Many retirement-minded clients are not asking for education on retirement income or wanting to read a book on the subject. What they want is “advice on their specific situation,” said John P. Wesley.
A product manager at TIAA-CREF, New York, Wesley was moderating a panel on income advice here at the Retirement Income Conference sponsored by LIMRA, LOMA and Society of Actuaries. TIAA-CREF recently launched an advice program that combines one-on-one meetings with managed accounts.
The panel looked at two examples of how advice is being handled right now.
This entails talking to clients about retirement, helping them through it and then helping them afterwards, too, said Patrick Kennedy, vice president-wealth management at TIAA-CREF.
Many people today, even the more conservative academics, are unprepared for retirement, he said. Many did save, he added, but they still are not prepared.
For instance, they are not prepared for facing uncertainties such as rising health care costs, failing pensions and Social Security’s future. Neither do they know about sustainable withdrawal rates nor asset allocation for retirement.
This is where advice comes in, Kennedy indicated, saying advisors should talk with clients about these issues. Show them graphs that illustrate how more aggressive investments and higher withdrawal rates will lead to less successful outcomes and what happens with lower withdrawal rates, etc. Also, talk about the impact of volatility on systematic withdrawal, and what (could happen to the portfolio) if the market tanks in the early years of retirement, he said.

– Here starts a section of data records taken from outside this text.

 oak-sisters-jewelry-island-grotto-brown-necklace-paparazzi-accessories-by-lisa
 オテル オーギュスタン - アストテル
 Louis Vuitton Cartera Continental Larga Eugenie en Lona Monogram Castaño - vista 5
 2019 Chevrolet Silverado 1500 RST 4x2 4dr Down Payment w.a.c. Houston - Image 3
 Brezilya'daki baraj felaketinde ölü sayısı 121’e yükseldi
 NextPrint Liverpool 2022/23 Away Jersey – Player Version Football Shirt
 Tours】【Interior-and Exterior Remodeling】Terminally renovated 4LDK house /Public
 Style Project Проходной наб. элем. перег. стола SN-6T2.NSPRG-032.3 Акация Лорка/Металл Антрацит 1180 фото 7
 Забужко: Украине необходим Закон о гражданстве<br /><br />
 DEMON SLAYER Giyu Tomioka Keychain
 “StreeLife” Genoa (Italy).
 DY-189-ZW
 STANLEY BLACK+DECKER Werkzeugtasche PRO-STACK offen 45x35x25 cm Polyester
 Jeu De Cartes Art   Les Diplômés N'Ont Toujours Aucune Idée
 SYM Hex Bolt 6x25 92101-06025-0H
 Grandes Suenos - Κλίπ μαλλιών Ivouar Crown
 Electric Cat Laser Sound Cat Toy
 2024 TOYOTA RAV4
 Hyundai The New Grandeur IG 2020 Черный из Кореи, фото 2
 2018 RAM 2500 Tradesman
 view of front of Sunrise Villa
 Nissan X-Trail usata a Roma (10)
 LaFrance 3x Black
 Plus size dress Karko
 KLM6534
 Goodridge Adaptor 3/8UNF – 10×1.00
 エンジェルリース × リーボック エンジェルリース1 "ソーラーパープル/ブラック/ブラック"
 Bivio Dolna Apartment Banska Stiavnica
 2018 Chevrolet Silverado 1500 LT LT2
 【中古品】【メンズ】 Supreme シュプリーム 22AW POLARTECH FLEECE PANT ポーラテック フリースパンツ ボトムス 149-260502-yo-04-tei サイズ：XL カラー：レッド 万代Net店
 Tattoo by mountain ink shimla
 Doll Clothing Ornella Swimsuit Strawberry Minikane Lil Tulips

As for annuitization, “affluent clients are less likely to require it,” Kennedy said, explaining these clients tend to prefer systematic withdrawal’s flexibility in amounts and frequency of payments.
On the other hand, the less affluent clients desire and need a safety net, he said. They need a level income that will not run out before they die. In those cases, he said, “we talk about annuitizing to the need and locking in the amount for inflation, using the right tools.”
The retirement income discussion covers pros and cons of annuitization, too.
On the pro side, he points out how partial annuitization, compared to no annuitization, “reduces the portfolio failure rate,” and annuitization reduces the risks associated with market volatility. He also discusses how it provides a greater payout for retirement income than does a bond portfolio with the same starting value.